• WHAT IS REQUIRED
Output all of the lines below exactly, and leave out each image.

-- Opening Marker --

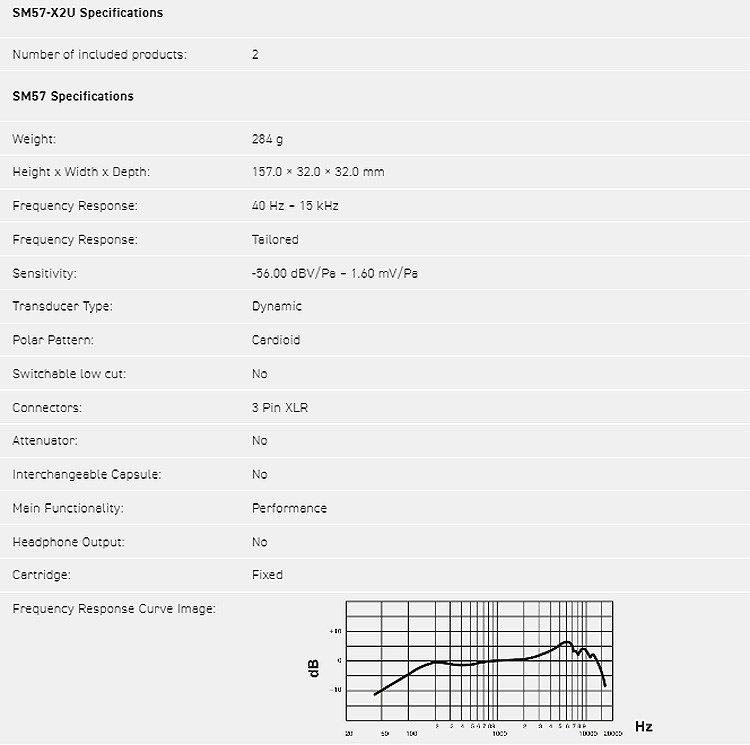 SHURE SM57-X2U 麥克風套裝組-原廠公司貨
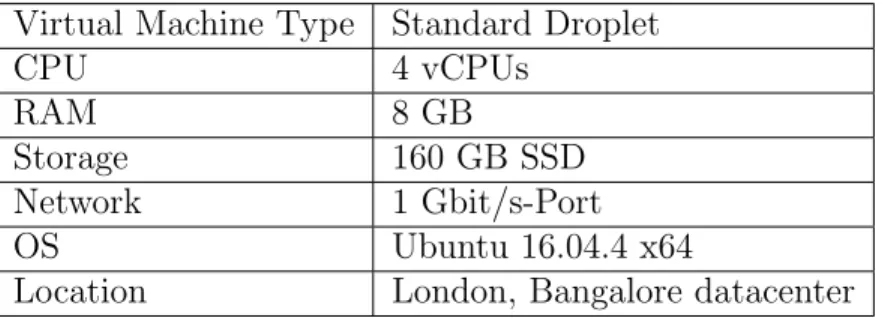 Table 3.1: Specifications of performance test servers. Adapted from [36].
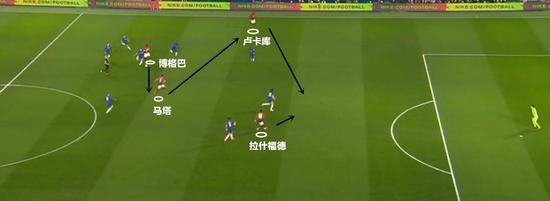 18-19 赛季英格兰足总杯第 5 轮曼联 2:0 切尔西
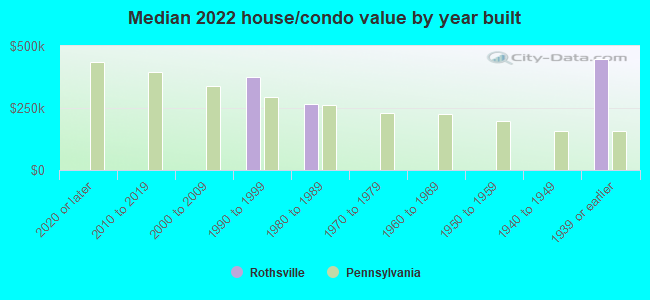 Median 2022 house/condo value by year built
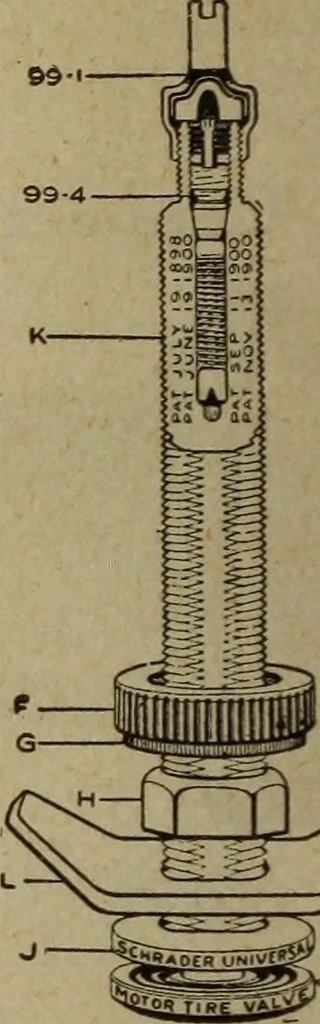 An illustration from Accessoires pour automobiles, catalogue no. 1, 1914, 1914, leaf 43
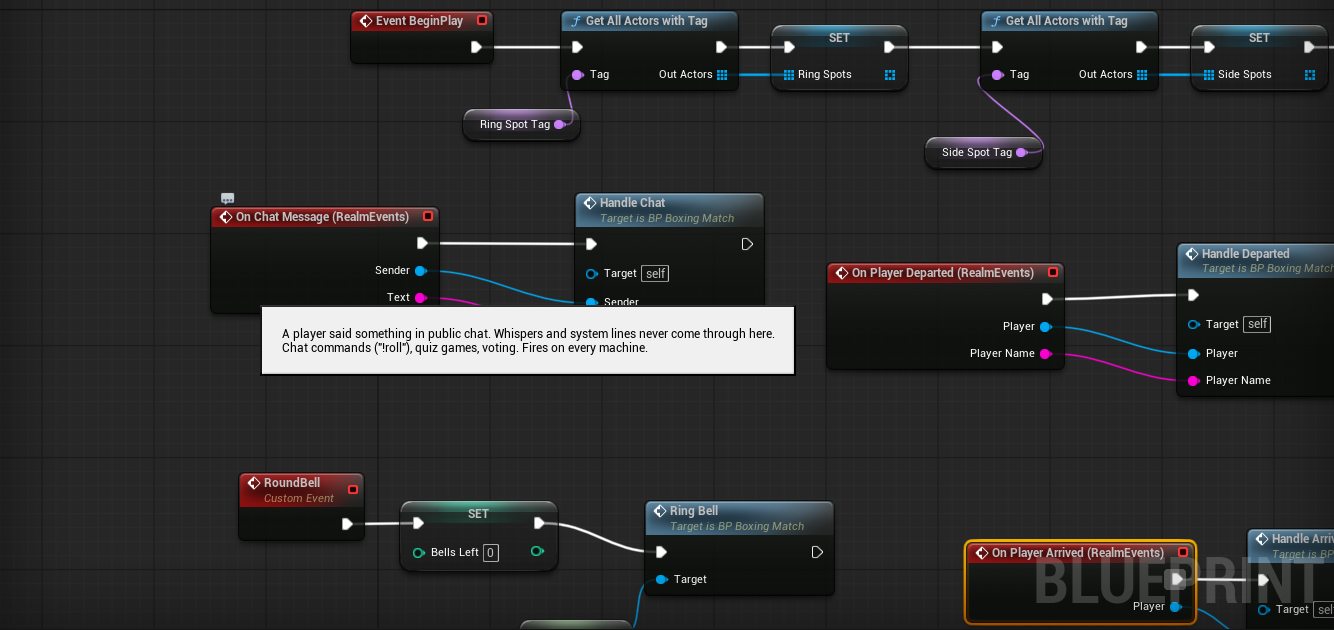 On Chat Message wired to Handle Chat, and the RoundBell custom event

-- Closing Marker --

• ANSWER
 SHURE SM57-X2U 麥克風套裝組-原廠公司貨
 Table 3.1: Specifications of performance test servers. Adapted from [36].
 18-19 赛季英格兰足总杯第 5 轮曼联 2:0 切尔西
 Median 2022 house/condo value by year built
 An illustration from Accessoires pour automobiles, catalogue no. 1, 1914, 1914, leaf 43
 On Chat Message wired to Handle Chat, and the RoundBell custom event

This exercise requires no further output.